HOW TO COMPLETE THIS TASK:
Unless a line falls after the one with "The Setai Sea of Galilee", retype it exactly from the records below; leave out all pictures.

INPUT:
────────

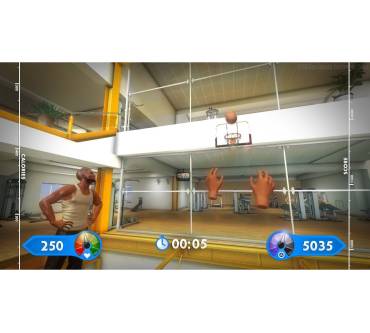 Produktbild Move Fitness (für PS3)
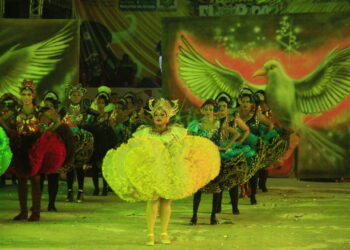 Jucadiro celebra a diversidade com tema nordestino no Flor do Maracujá 2025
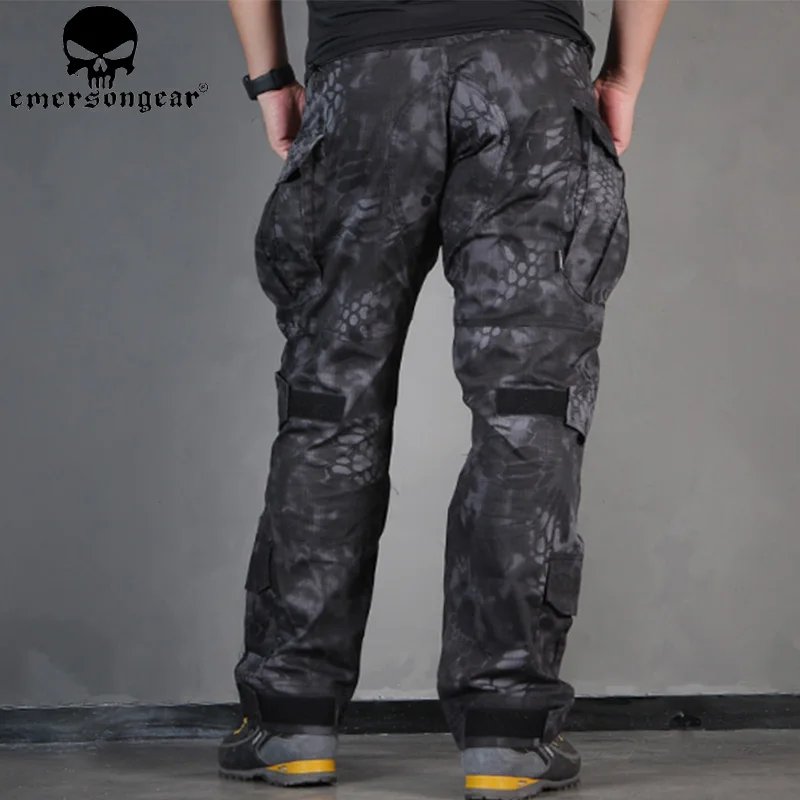 Боевые штаны EMERSONGEAR Gen3 тактические охотничьи брюки для страйкбола с
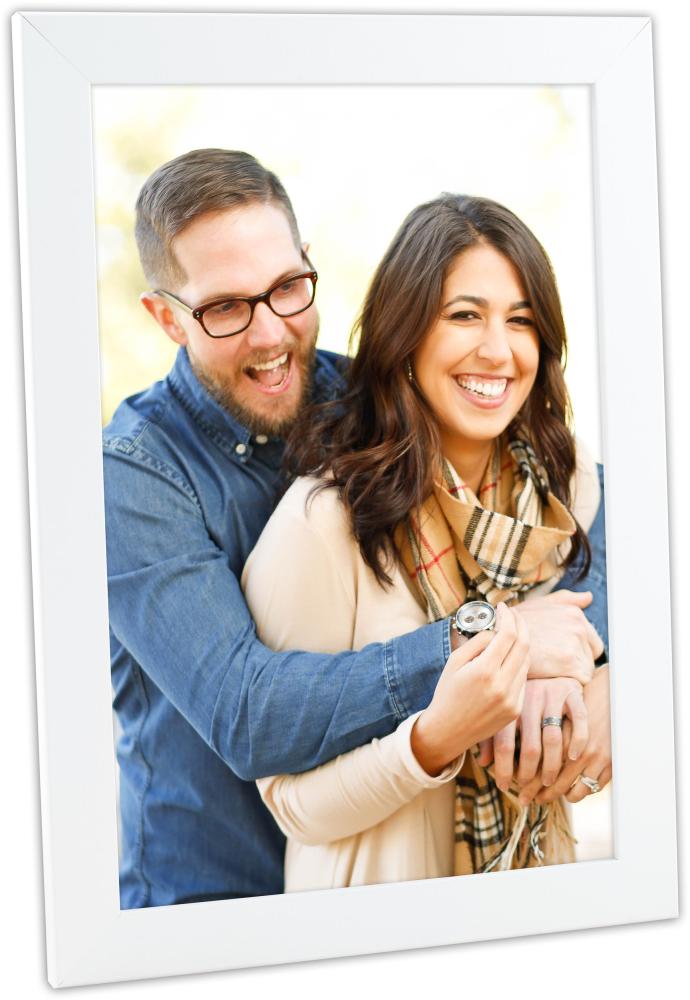 Ram Trendline Vit 20x30 cm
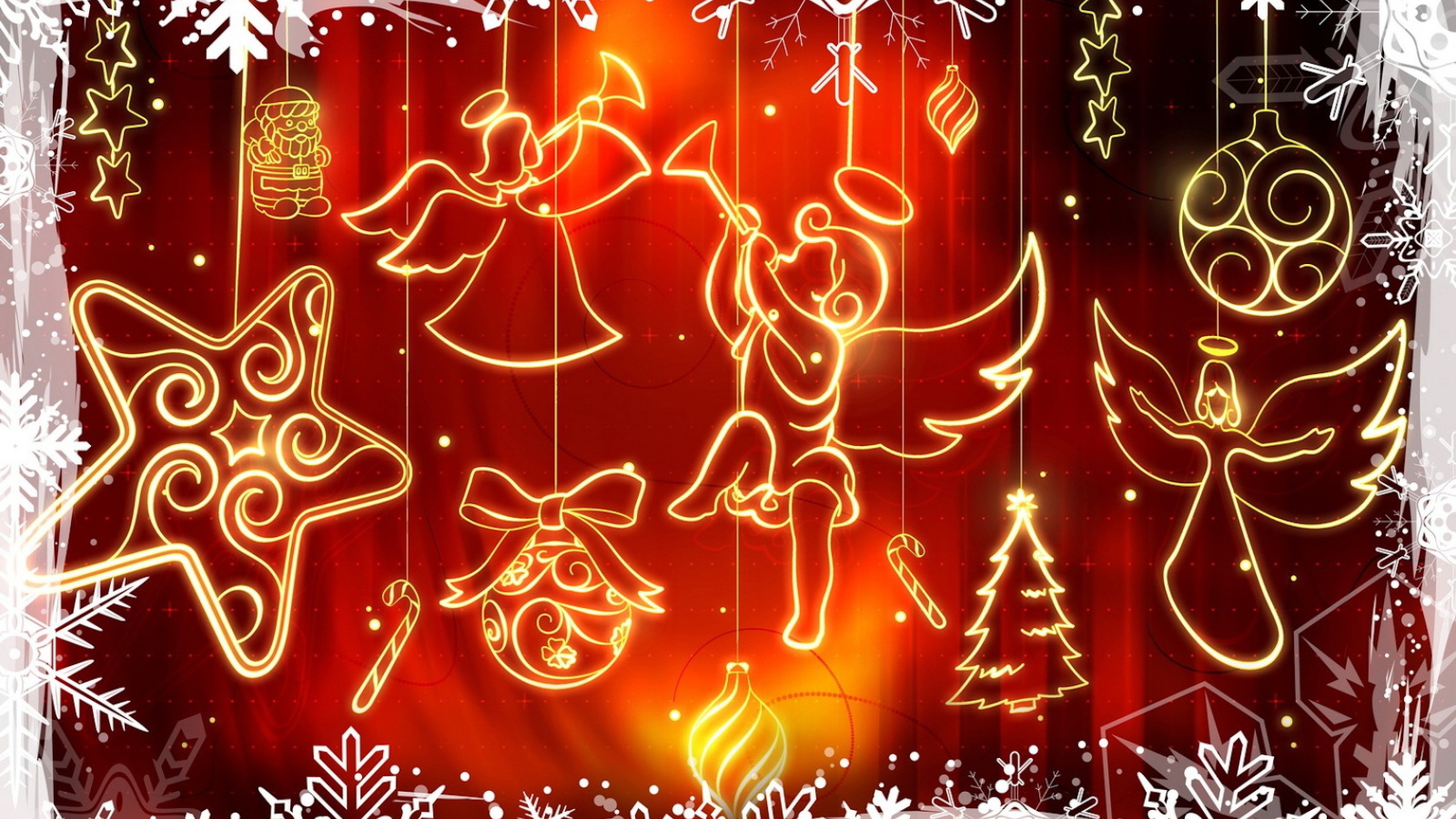 Ангелы с трубами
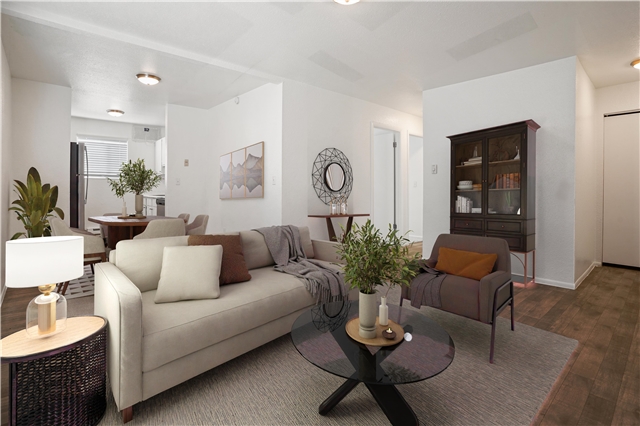 Clearfield Apartment: 400 Bruce St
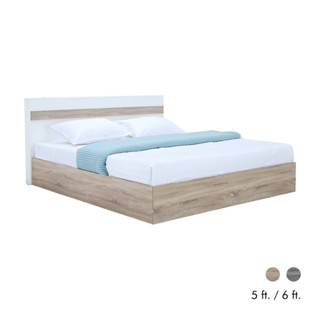 HomeHuk โฮมฮัก เตียงนอน รุ่นมินิโอ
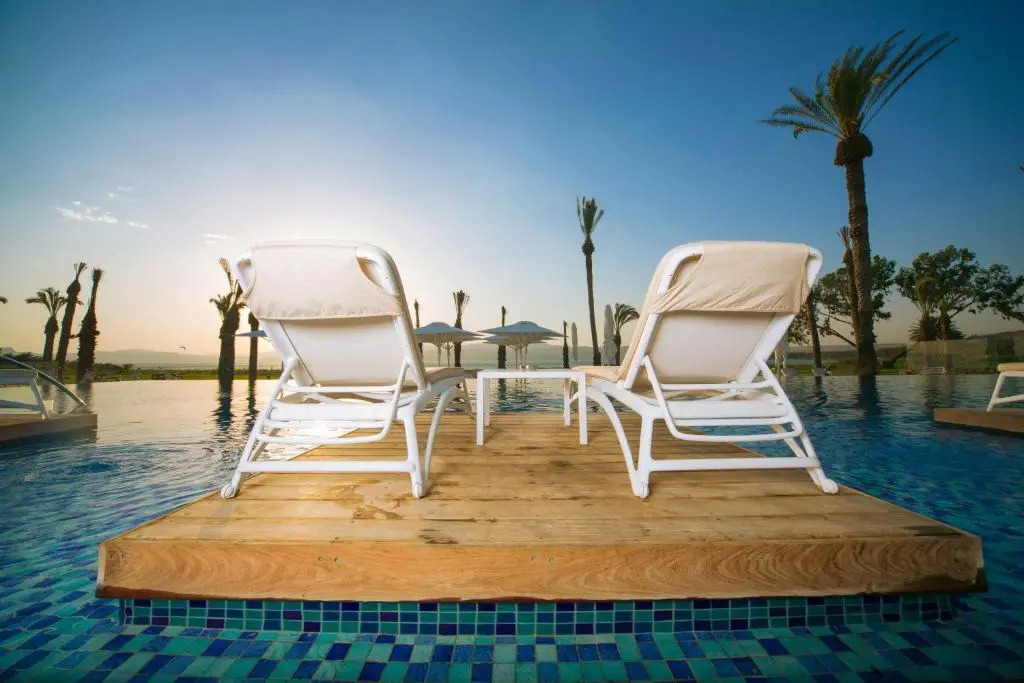 The Setai Sea of Galilee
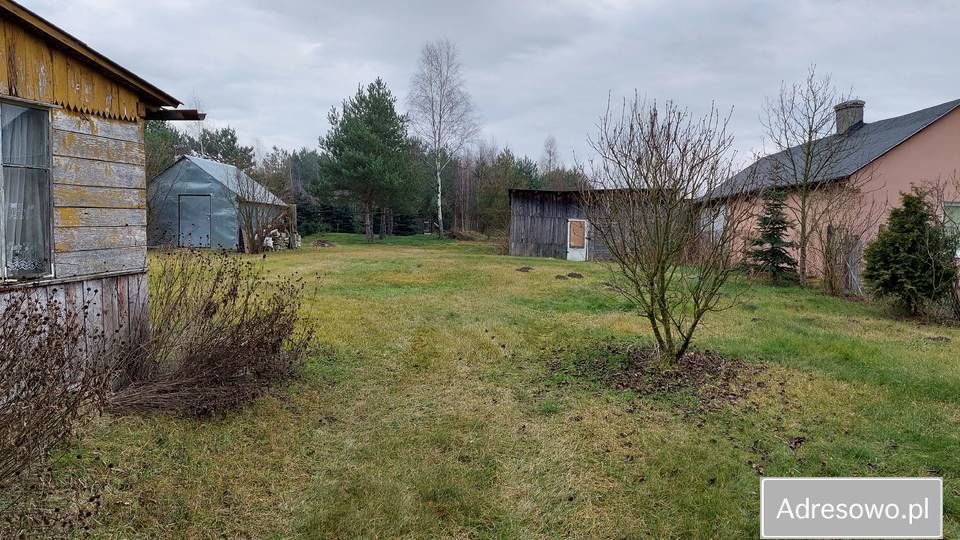 Działka rolna Boska Wola. Zdjęcie 1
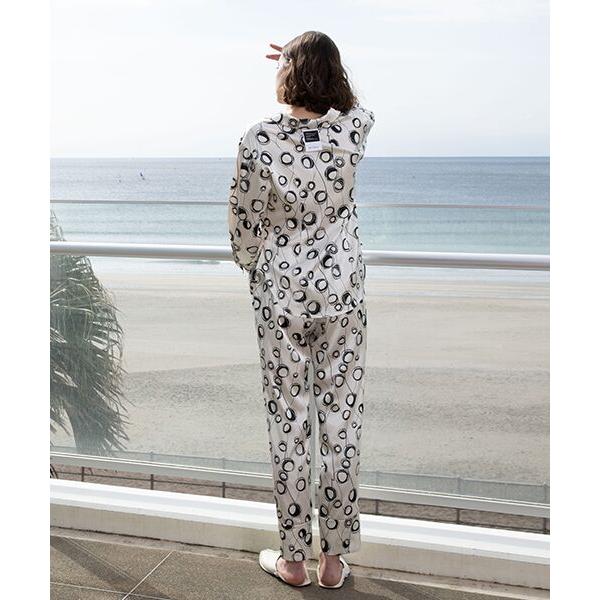 Ys(ワイズ) ドット ドローストリング サルエル ワイド イージー パンツ レディース JPN：2 【中古】【ブランド古着バズストア】 Ys(ワイズ) ドット ドローストリング サルエル ワイド イージー パンツ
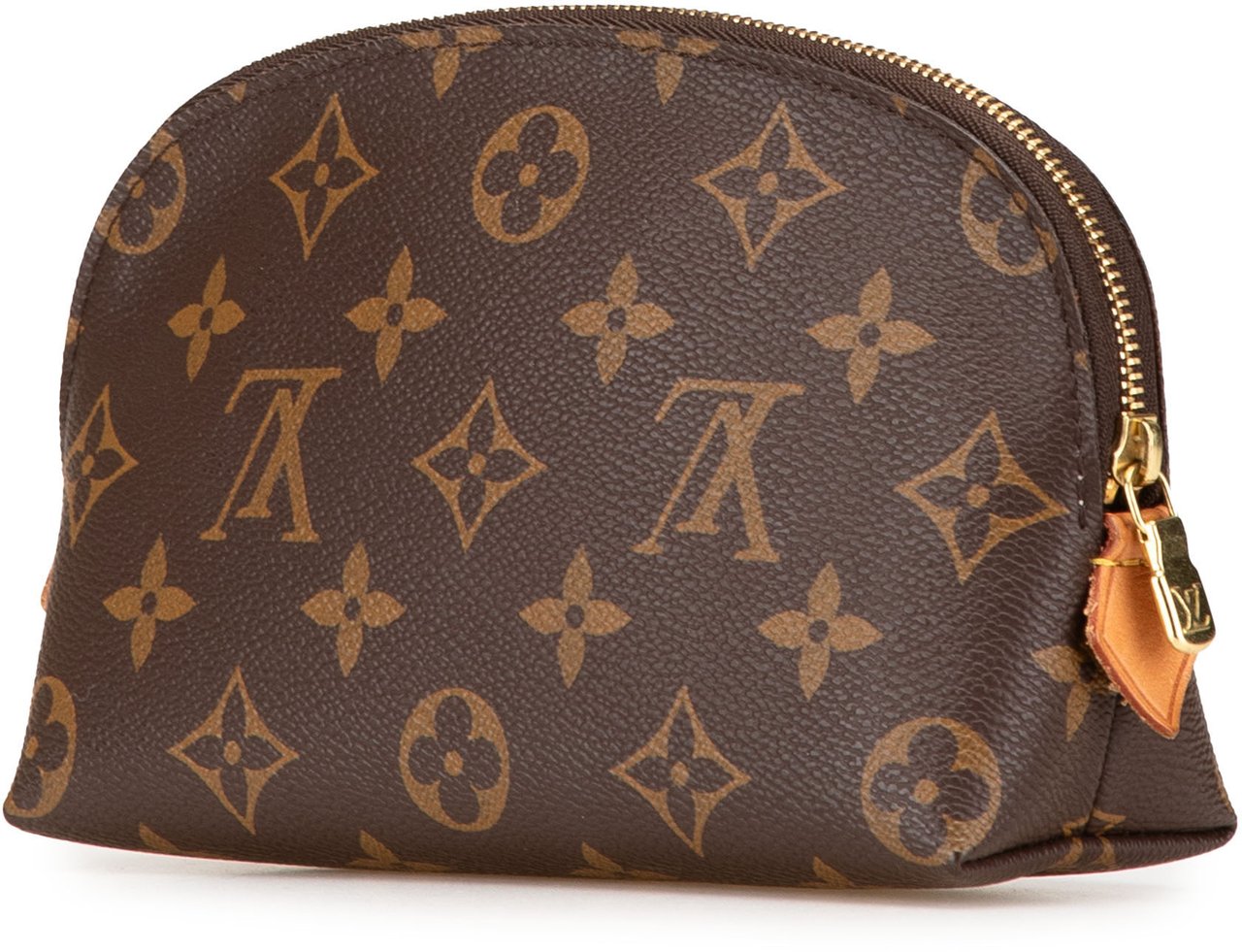 Louis Vuitton Monogram Cosmetic Pouch Bruin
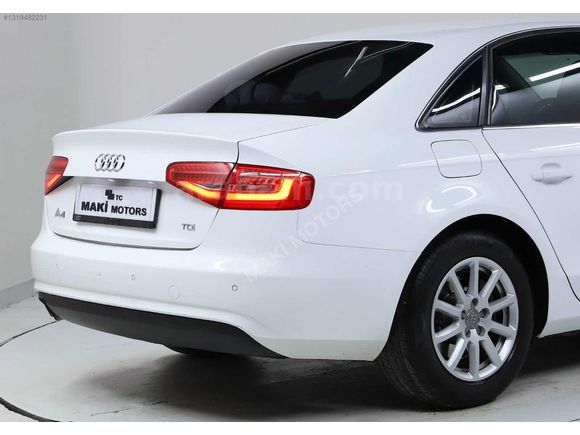 MAKİ MOTORS HATASIZ AUDİ A4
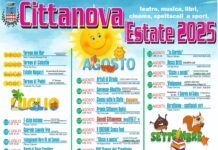 Estate Cittanovese 2025 – il programma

────────

WRITTEN SOLUTION:
 Produktbild Move Fitness (für PS3)
 Jucadiro celebra a diversidade com tema nordestino no Flor do Maracujá 2025
 Боевые штаны EMERSONGEAR Gen3 тактические охотничьи брюки для страйкбола с
 Ram Trendline Vit 20x30 cm
 Ангелы с трубами
 Clearfield Apartment: 400 Bruce St
 HomeHuk โฮมฮัก เตียงนอน รุ่นมินิโอ
 The Setai Sea of Galilee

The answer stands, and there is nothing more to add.